In my experience, the majority of SCer's are located in the parking lots of mid-range chain hotels like Holiday Inn Express or Residence Inn. Your simplest solution would be to stay at those hotels, charging before sleeping, or while eating your continental breakfast. I would use the Supercharger map in concert with google maps to determine which chargers are located at hotels. On your car's screen, if you tap the screen, then the charging icon on the bottom left, a list of nearby SCers will pop up. If you scroll to the bottom of this list, you'll see a list of nearby destination chargers. You can also use Chargepoint and Plugshare to locate other charging solutions. I have now completed over 20,000 car camping miles in my Model 3 over the last 10 months.

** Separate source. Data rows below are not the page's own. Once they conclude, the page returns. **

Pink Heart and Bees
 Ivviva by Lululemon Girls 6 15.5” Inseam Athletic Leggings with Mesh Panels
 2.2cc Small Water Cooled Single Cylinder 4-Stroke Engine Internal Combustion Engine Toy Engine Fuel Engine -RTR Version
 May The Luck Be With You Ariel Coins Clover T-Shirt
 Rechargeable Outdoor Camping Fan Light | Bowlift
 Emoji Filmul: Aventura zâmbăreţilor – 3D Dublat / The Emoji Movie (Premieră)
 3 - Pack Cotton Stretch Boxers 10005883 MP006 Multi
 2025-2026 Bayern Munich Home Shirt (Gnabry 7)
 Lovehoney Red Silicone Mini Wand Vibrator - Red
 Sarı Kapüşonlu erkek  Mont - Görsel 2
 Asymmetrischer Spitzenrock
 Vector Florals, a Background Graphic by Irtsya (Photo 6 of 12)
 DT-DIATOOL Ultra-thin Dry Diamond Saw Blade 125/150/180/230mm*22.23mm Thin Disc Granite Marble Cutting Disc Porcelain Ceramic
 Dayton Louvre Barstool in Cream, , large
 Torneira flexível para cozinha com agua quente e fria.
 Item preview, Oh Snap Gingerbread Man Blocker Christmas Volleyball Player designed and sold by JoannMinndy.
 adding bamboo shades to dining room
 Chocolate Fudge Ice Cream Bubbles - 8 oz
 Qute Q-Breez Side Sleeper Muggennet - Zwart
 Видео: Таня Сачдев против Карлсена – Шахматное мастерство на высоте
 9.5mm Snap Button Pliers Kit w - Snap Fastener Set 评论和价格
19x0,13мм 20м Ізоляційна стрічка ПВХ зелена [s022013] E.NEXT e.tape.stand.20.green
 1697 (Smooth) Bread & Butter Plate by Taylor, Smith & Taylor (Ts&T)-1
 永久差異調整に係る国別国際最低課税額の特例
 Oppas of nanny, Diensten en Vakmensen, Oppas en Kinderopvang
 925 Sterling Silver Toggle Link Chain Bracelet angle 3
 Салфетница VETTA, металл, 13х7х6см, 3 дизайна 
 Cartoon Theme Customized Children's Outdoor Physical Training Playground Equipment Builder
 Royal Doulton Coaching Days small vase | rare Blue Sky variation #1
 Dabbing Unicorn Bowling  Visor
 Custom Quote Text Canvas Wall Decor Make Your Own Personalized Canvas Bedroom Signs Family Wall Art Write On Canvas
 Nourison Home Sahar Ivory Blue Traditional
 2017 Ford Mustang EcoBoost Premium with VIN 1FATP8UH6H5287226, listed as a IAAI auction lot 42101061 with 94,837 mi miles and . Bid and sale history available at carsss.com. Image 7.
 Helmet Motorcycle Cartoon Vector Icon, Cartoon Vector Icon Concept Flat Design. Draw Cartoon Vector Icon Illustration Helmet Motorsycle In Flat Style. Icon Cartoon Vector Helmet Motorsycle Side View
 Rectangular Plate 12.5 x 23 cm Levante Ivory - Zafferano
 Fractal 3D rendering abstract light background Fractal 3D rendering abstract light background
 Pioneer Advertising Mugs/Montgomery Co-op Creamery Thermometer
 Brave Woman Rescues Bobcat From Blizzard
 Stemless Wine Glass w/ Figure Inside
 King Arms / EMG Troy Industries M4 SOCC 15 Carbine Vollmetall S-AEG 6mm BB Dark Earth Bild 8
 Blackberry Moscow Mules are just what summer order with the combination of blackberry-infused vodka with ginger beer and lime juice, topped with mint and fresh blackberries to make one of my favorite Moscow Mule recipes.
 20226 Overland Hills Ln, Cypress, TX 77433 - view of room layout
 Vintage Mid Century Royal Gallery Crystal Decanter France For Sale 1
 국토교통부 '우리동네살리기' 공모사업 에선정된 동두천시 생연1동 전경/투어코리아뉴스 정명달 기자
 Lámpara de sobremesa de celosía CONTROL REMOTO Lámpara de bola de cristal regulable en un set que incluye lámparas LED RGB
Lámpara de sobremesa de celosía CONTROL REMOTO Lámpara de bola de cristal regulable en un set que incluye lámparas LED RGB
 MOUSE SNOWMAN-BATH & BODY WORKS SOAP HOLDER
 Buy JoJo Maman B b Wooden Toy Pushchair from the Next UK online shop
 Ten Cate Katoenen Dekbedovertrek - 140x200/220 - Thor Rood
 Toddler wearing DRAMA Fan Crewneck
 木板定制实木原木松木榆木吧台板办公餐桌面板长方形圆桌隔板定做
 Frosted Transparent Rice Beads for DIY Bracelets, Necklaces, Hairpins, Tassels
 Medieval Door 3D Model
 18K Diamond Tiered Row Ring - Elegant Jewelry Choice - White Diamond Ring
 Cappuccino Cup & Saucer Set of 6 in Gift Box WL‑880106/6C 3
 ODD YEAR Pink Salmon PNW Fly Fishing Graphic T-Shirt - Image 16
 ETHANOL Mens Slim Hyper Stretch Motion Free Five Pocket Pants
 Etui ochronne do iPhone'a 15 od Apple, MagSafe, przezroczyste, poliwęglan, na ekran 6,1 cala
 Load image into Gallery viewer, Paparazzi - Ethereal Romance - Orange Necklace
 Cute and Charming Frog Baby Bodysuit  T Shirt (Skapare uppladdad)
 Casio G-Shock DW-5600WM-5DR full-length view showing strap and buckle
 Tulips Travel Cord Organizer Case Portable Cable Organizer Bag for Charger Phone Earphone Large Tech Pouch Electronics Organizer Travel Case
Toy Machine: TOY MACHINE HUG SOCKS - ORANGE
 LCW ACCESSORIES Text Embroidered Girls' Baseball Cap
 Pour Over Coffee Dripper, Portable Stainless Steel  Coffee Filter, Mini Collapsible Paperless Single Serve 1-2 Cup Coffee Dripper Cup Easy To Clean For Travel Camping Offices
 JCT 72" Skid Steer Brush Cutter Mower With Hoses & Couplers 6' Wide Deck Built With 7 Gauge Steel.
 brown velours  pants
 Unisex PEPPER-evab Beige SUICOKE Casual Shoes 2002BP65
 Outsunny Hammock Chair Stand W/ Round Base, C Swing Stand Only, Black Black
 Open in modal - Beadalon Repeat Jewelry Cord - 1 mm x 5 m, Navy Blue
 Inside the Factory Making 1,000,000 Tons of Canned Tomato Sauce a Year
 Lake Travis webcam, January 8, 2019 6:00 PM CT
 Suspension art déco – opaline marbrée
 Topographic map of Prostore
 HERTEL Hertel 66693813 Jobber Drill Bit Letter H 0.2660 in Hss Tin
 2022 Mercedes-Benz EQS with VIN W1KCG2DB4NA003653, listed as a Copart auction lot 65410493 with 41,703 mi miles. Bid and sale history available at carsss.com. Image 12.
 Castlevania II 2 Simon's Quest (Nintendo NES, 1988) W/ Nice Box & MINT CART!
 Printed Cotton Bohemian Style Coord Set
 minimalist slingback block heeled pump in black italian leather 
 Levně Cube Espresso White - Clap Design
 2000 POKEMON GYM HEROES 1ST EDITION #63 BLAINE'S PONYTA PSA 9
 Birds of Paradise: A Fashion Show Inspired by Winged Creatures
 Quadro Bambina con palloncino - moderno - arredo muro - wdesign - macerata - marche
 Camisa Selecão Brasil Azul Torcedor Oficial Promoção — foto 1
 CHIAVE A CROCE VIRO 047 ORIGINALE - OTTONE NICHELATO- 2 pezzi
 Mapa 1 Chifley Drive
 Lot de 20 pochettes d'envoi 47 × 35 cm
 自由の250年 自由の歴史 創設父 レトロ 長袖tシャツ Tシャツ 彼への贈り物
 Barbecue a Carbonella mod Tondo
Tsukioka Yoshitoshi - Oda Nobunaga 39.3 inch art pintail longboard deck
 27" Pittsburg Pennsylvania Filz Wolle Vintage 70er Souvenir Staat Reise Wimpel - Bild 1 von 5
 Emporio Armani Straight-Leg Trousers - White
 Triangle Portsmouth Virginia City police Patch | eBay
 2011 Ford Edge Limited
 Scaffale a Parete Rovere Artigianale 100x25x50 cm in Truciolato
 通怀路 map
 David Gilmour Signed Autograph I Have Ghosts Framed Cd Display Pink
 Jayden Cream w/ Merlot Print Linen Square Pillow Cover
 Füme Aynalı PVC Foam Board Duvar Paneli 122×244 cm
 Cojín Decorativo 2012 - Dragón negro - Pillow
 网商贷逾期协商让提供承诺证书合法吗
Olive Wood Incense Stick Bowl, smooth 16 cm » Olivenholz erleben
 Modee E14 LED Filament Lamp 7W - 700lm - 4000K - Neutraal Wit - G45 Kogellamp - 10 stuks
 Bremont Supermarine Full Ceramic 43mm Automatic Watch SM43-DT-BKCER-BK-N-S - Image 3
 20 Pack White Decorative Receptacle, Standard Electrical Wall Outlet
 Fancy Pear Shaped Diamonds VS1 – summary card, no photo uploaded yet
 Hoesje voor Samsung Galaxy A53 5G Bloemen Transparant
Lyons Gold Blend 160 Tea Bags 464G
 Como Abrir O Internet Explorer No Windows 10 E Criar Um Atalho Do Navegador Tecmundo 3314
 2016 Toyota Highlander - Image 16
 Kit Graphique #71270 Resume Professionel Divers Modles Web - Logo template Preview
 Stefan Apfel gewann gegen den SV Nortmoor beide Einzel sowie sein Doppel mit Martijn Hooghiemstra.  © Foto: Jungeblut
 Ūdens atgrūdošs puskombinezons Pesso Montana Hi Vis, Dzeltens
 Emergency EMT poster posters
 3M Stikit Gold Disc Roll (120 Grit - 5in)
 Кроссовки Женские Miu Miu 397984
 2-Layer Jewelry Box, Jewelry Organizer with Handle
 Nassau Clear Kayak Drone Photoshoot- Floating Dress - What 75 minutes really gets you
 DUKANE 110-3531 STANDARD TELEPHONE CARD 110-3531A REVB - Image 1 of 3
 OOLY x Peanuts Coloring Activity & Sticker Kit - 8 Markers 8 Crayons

I've used destination chargers twice just because I stumbled across them. I've used chargepoint once when I couldn't make it to a SCer in Alberta. I stay away from interstates, and don't make reservations. I go where the road takes me, plan my next charging stop while I'm at a supercharger, and all the info I need is contained in the car's systems and my handy atlas as backup detail.


----------



## barjohn (Aug 31, 2017)

I too relied more on the information contained in the car's system. We used a better route planner as a general plan but then used the car's system to go from charger to charger bearing in mind how much reserve we wanted to have and skipping some if we could.


----------



## mzichao (Aug 9, 2019)

Interesting to see the EV charger info on Plugshare and Booking.com are not very assuring when I want to know the current working condition (stretch goal is available/in use) of the destination chargers. The info are not guaranteed, just crowd-sourced. I guess I need to call to confirm the status before booking. Staying at a hotel with destination chargers and Tesla SCers nearby (as backup) would be my best bet with a wife and 2 kids. 

Love the quick responses from you all and this forum is awesome!


----------



## FRC (Aug 4, 2018)

mzichao said:


> my best bet with a wife and 2 kids.


Forget everything that I said earlier. From your avatar I was assuming you were a single female. Just do whatever your wife tells you to!


----------



## garsh (Apr 4, 2016)

barjohn said:


> I too relied more on the information contained in the car's system. We used a better route planner as a general plan but then used the car's system to go from charger to charger bearing in mind how much reserve we wanted to have and skipping some if we could.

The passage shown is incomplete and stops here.